## Exercise instructions:
I'd like the entries reproduced exactly, with the images omitted.

## Task input:

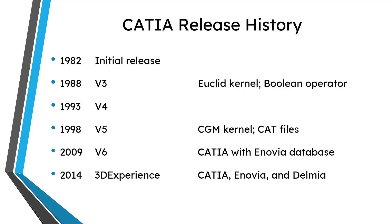But anyhow let's talk about CATIA's history. So it dates all the way back to 1982. That's when V1 came out. V3 came out in 1988. And I only bring up V3 because that is the version that I got started on at Martin Marietta back in the day. And it was a Boolean operator.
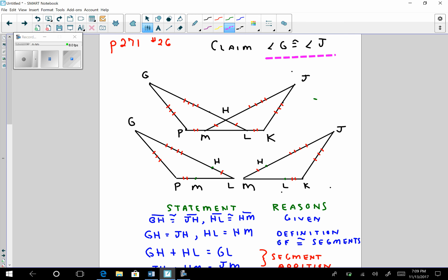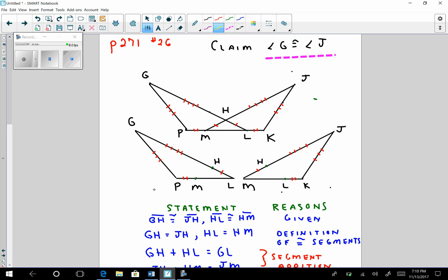I'm going to make two triangles out of it: triangle GPL and triangle JKM. I'm going to label these new triangles with the appropriate congruent segments that are given in the diagram. We are given that GH is congruent to JH, HL is congruent to HM, GP is congruent to JK, and PM is congruent to LK. We have to be careful here.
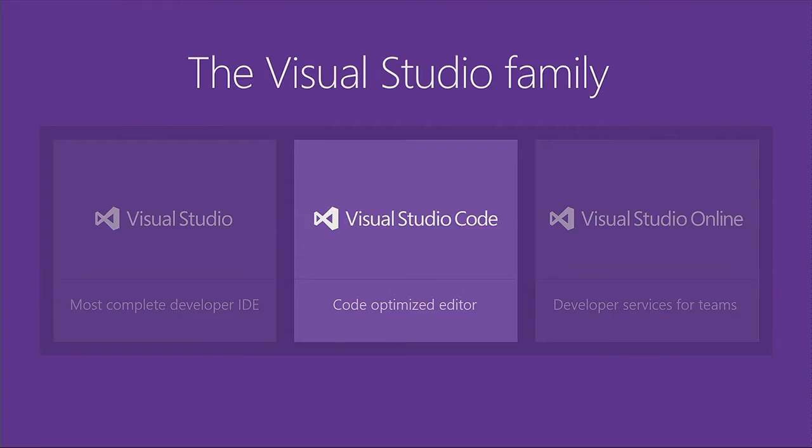Earlier this year at our Build event in the spring, we announced the newest member of our Visual Studio family, which is Visual Studio Code.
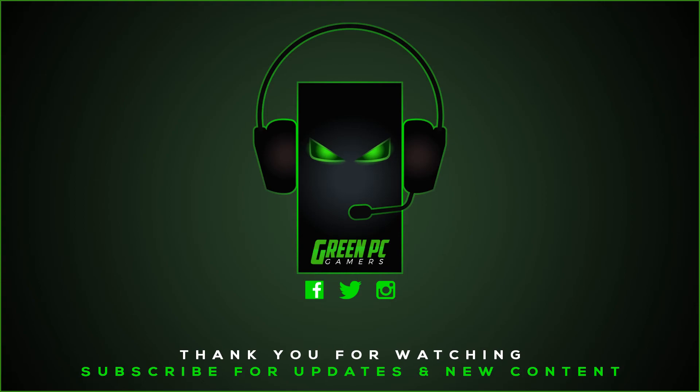Hopefully this video was helpful to you. If it was, please consider subscribing to the channel. If you have any questions, please comment below, and we'll try to answer them as soon as possible. Thank you so much for watching.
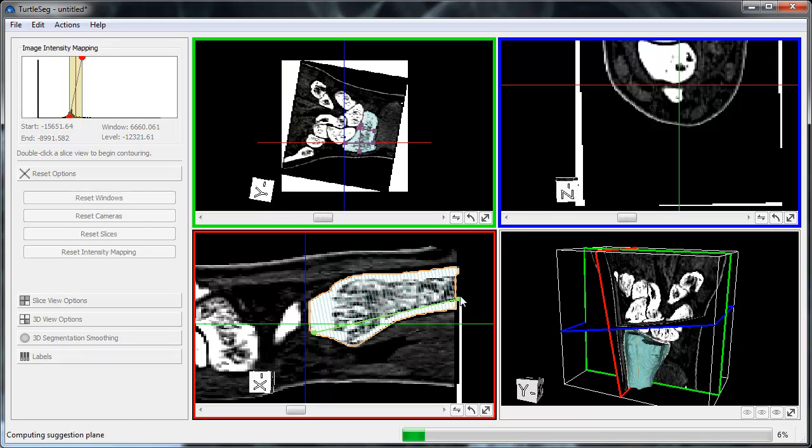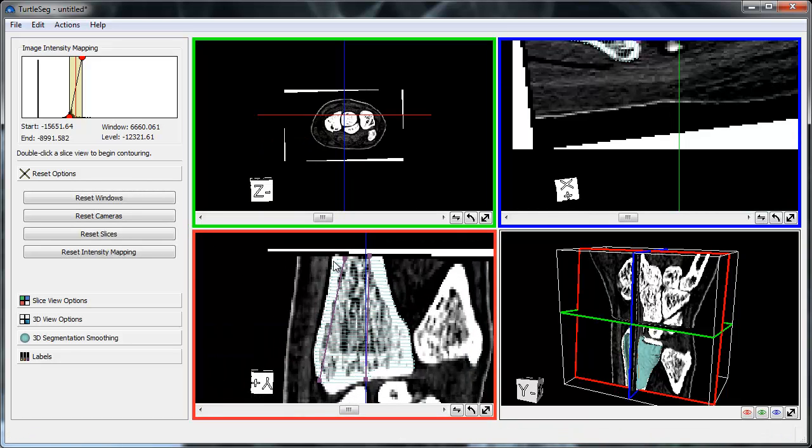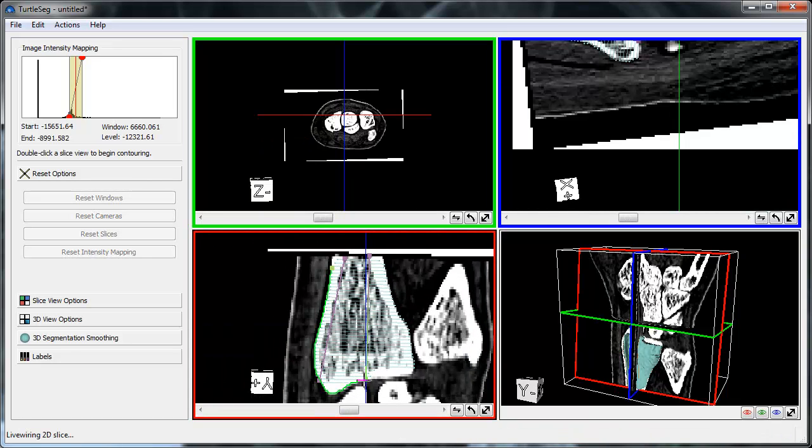We repeat this process a few more times, the segmentation quality improving over each iteration.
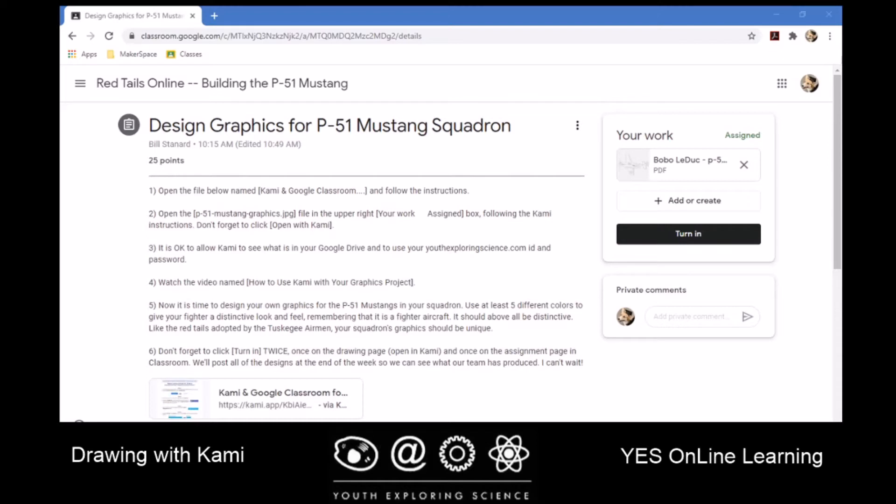Hi, this is Bill Stannard at YES Online Learning, and today I'm going to give you a short tour of drawing with KAMI.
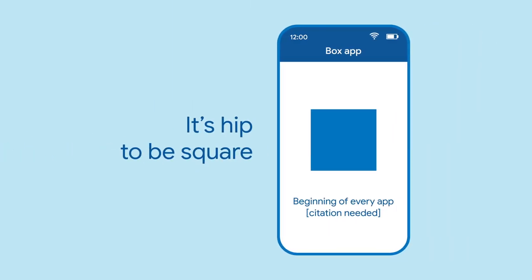All of the best apps start with a square squarely in the middle of the screen. But to turn this abstract idea into something more real, we need to think outside the box.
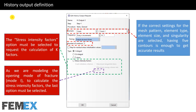Now I want to talk about requesting history output for the crack. Here I have set the domain to crack 1 and the number of contours to 5. If the correct settings for the mesh pattern, element type, element size and singularity are selected, having 5 contours is enough to get accurate results. I have selected J-integral because I want to calculate the J-integral. The stress intensity factors option must be selected to request the calculation of K factors, and as we are modeling the opening mode of fracture, the last option must be selected.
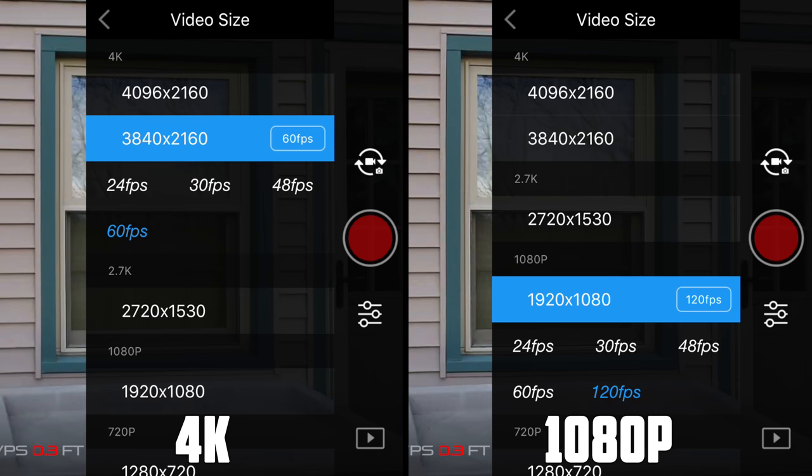For our last test, we'll take a look at the different FPS options available under the different video resolutions for the Phantom 4 Pro. For 4K, we're able to shoot in 24, 30, 48, or 60 FPS. As I said, if we want to shoot slow motion video, we should always use 1080p, as we can slow that down a lot easier.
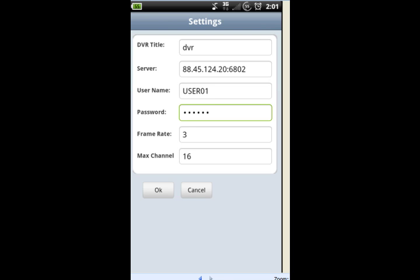Put in a username. I use USER 01 — it does have to be in all caps; if it's in lowercase it's not going to work. I use USER 01 and I put 61 as the password — that's the default user account. Then I click OK.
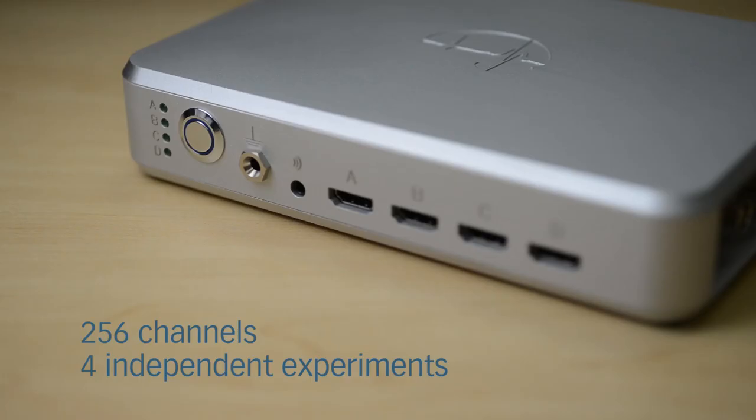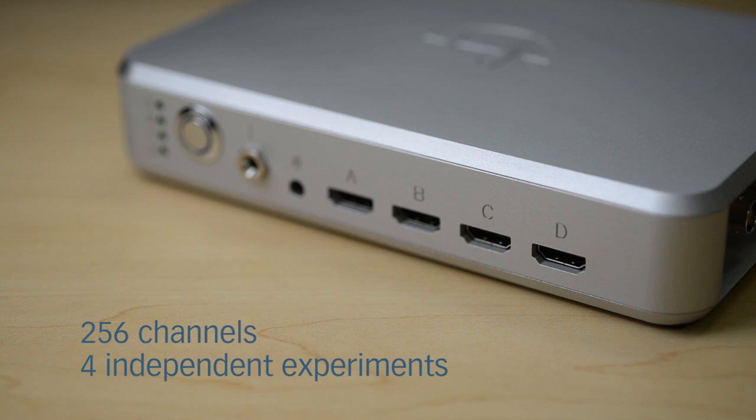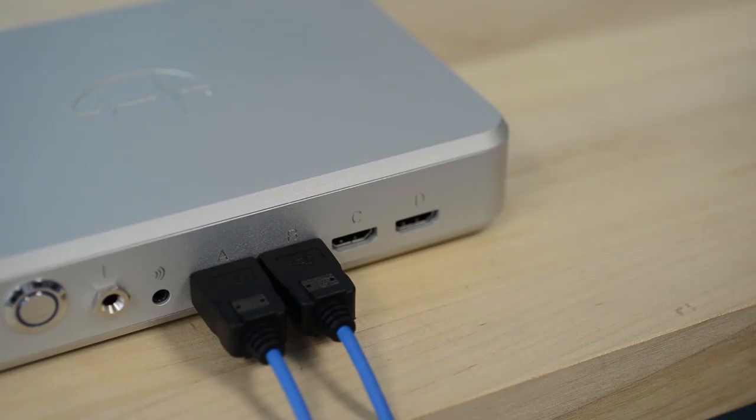The SmartBox is capable of recording up to 256 channels of biological signals simultaneously from up to four independent experiments.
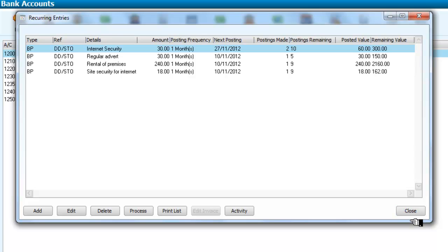That will end that session. But that then is how we would set about paying recurring entries that we've already set up. And you'd simply need to run that short sequence of events once a month. Thank you.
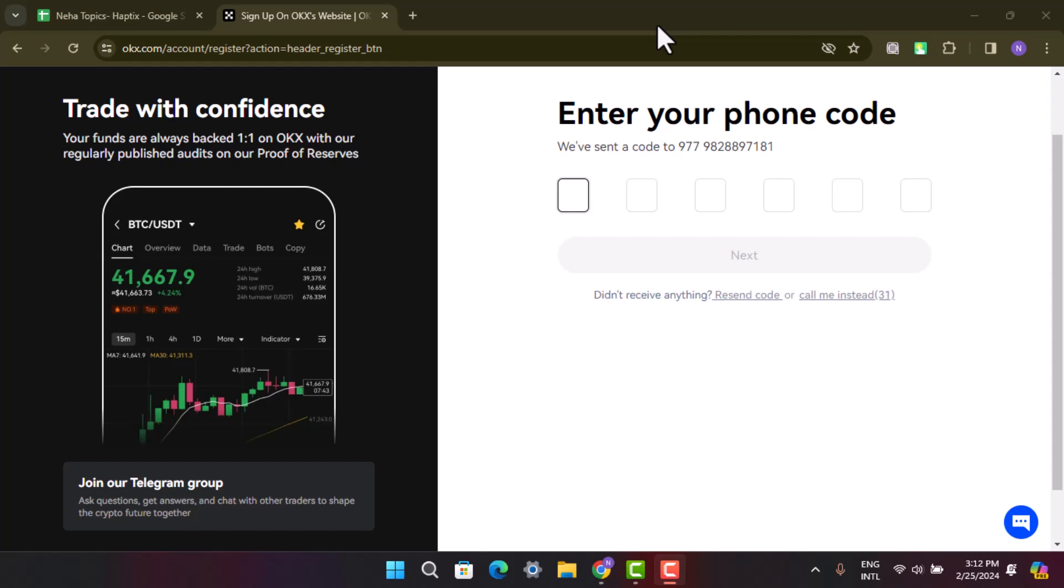That's all. In this way you can create an OKX account. That is all for this video. I hope the video was helpful. Make sure to like, share, and subscribe to our channel. Thank you for watching. See you in the next video.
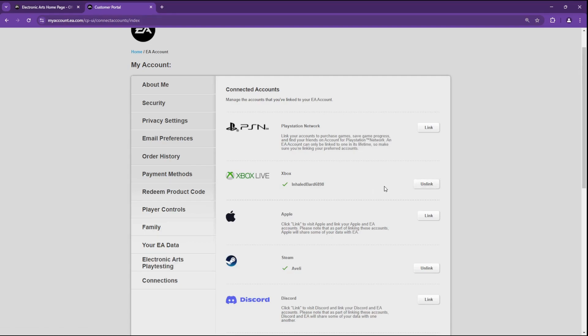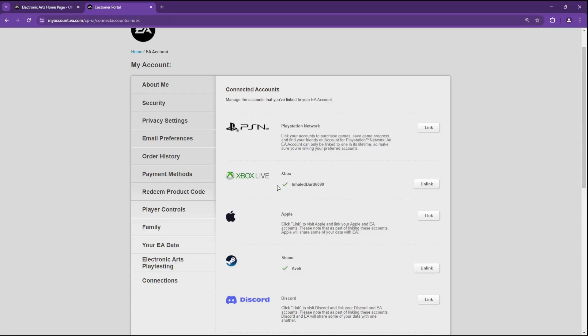Once you do that, follow the on-screen instructions, and once you've successfully unlinked, it should look something like this. If your account is still linked, it should show up with a checkmark. If it's unlinked, it should show this generic message telling you to link your account.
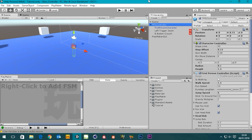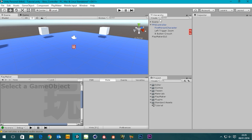Hi guys, it's Sam from Digital Meat again. In this tutorial we're going to look at how we can create a run button. Basically, when we hold the right trigger down on our Xbox controller it runs. The right trigger is going to have to be a float value, just like the last tutorial we did with the left trigger zoom, so you get a gradient — it's not just on or off. If you've got the trigger pressed halfway you can be jogging, and if you press it fully you can be at a full sprint.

## Finished task:
But anyhow let's talk about CATIA's history. So it dates all the way back to 1982. That's when V1 came out. V3 came out in 1988. And I only bring up V3 because that is the version that I got started on at Martin Marietta back in the day. And it was a Boolean operator.
I'm going to make two triangles out of it: triangle GPL and triangle JKM. I'm going to label these new triangles with the appropriate congruent segments that are given in the diagram. We are given that GH is congruent to JH, HL is congruent to HM, GP is congruent to JK, and PM is congruent to LK. We have to be careful here.
Earlier this year at our Build event in the spring, we announced the newest member of our Visual Studio family, which is Visual Studio Code.
Hopefully this video was helpful to you. If it was, please consider subscribing to the channel. If you have any questions, please comment below, and we'll try to answer them as soon as possible. Thank you so much for watching.
We repeat this process a few more times, the segmentation quality improving over each iteration.
Hi, this is Bill Stannard at YES Online Learning, and today I'm going to give you a short tour of drawing with KAMI.
All of the best apps start with a square squarely in the middle of the screen. But to turn this abstract idea into something more real, we need to think outside the box.
Now I want to talk about requesting history output for the crack. Here I have set the domain to crack 1 and the number of contours to 5. If the correct settings for the mesh pattern, element type, element size and singularity are selected, having 5 contours is enough to get accurate results. I have selected J-integral because I want to calculate the J-integral. The stress intensity factors option must be selected to request the calculation of K factors, and as we are modeling the opening mode of fracture, the last option must be selected.
For our last test, we'll take a look at the different FPS options available under the different video resolutions for the Phantom 4 Pro. For 4K, we're able to shoot in 24, 30, 48, or 60 FPS. As I said, if we want to shoot slow motion video, we should always use 1080p, as we can slow that down a lot easier.
Put in a username. I use USER 01 — it does have to be in all caps; if it's in lowercase it's not going to work. I use USER 01 and I put 61 as the password — that's the default user account. Then I click OK.
The SmartBox is capable of recording up to 256 channels of biological signals simultaneously from up to four independent experiments.
That will end that session. But that then is how we would set about paying recurring entries that we've already set up. And you'd simply need to run that short sequence of events once a month. Thank you.
That's all. In this way you can create an OKX account. That is all for this video. I hope the video was helpful. Make sure to like, share, and subscribe to our channel. Thank you for watching. See you in the next video.
Once you do that, follow the on-screen instructions, and once you've successfully unlinked, it should look something like this. If your account is still linked, it should show up with a checkmark. If it's unlinked, it should show this generic message telling you to link your account.
Hi guys, it's Sam from Digital Meat again. In this tutorial we're going to look at how we can create a run button. Basically, when we hold the right trigger down on our Xbox controller it runs. The right trigger is going to have to be a float value, just like the last tutorial we did with the left trigger zoom, so you get a gradient — it's not just on or off. If you've got the trigger pressed halfway you can be jogging, and if you press it fully you can be at a full sprint.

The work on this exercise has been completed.